During the film, the audience gradually learns about An’s hardships, such as having to pretend to be disabled so her parents could be granted permission by authorities to have a second child in the years before China lifted its one-child policy in 2015. 

The film was created by two women, director Yin Ruoxin and screenwriter You Xiaoying. Both of them have explored Chinese family dynamics in their previous works. 

You, the screenwriter, told The Beijing News that, even though she is a single child, the idea for the film stems from experiences her friends shared when China allowed births of a second child in 2015. 

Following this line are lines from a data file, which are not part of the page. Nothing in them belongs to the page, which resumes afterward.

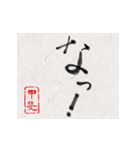 和風な筆文字名前スタンプ【甲斐】（個別スタンプ：11）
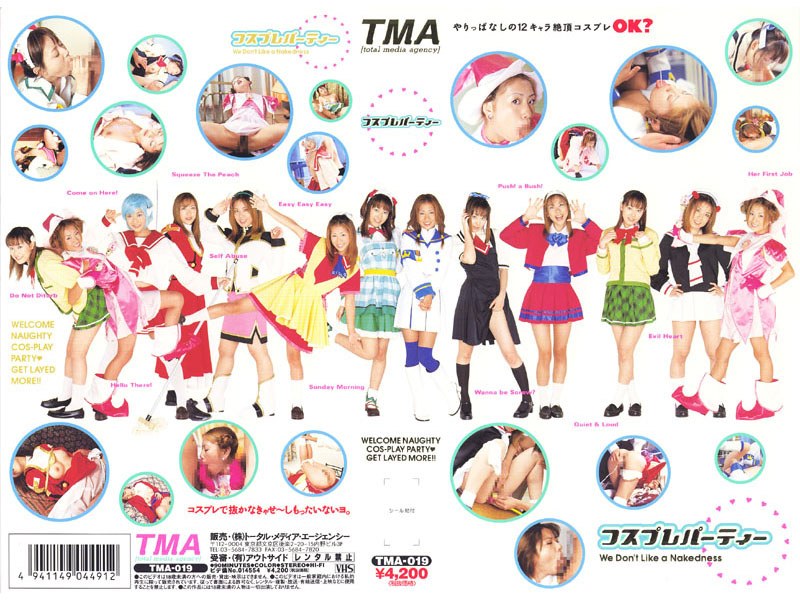 TMA-019 コスプレパーティー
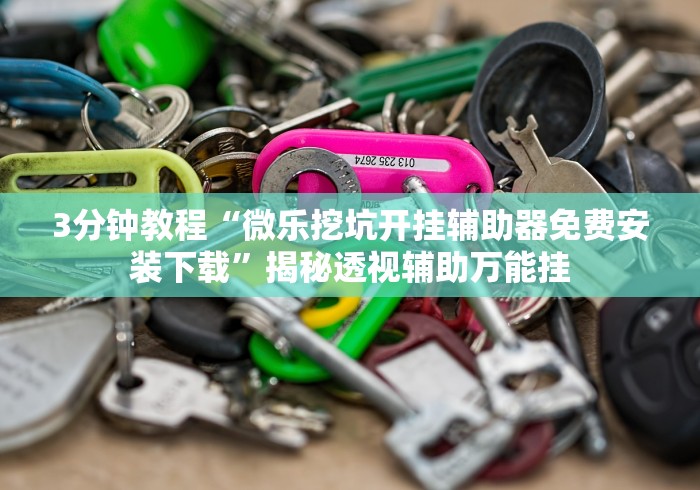 我来教大家“微乐江西麻将开挂app下载安装”万能开挂器（确实有挂）-第2张图片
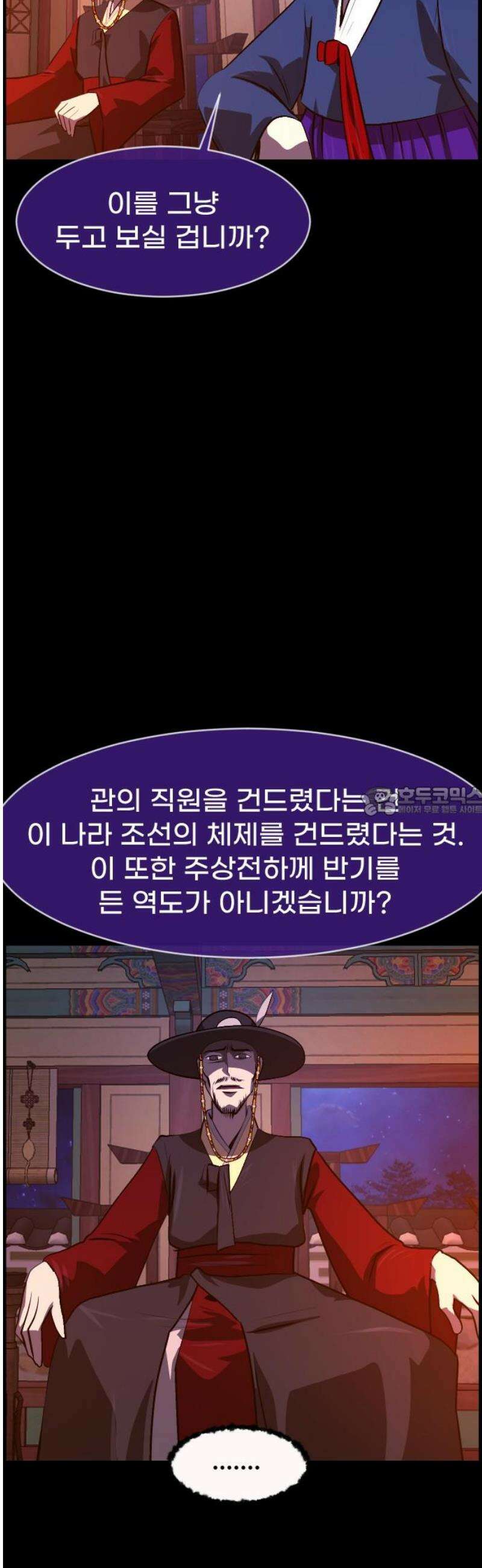 원주민 공포만화 419화 조선 퇴마사4 -콩쥐 팥쥐전(4)- 13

“I saw that there were a lot of conflicts and struggles in these families, I wanted to explore why,” she said. 

She said An, who is beginning to start her career as a nurse, is conflicted by a desire to pursue her own life while still needing emotional support after her parents’ deaths. 

As An grapples with whether to ignore her extended family and pursue independence, the audience is left with a sense of ambivalence, realising the main character’s decision might not be obvious. 

The film had provoked a heated public discussion, with the topic being read over 320 million times on Weibo, China’s Twitter-like service, as of Tuesday afternoon. 

Many users expressed empathy for An, saying they shared similar experiences when they were growing up. 

A commenter on Douban, a social network focusing on entertainment discussions, said she once pretended to be sick so her parents could get permission to have a son. 

“I am a similar sister whose life was changed because of the birth of a little brother … I have lived similar scenes and exact dialogues from the film. It is suffocating,” she wrote. 

The film drew comments from renowned scholars, such as Li Yinhe, a pioneering sociologist studying sex and gender roles in China. In a lengthy post on Weibo, she described the movie as “a profound work based on solid social reality”. 

Li said that besides gender inequality, the film also explored the conflict between filial piety and individualism in a modernised society. 

“So it becomes a Hamletian dilemma … should we pursue individual values, or sacrifice them for our families? The film has placed its protagonist in a violent ethical and emotional conflict, which is thought-provoking,” she wrote. 

The movie is also a coming-out party for Yin and You, who were unknown by mainstream film-goers before My Sister.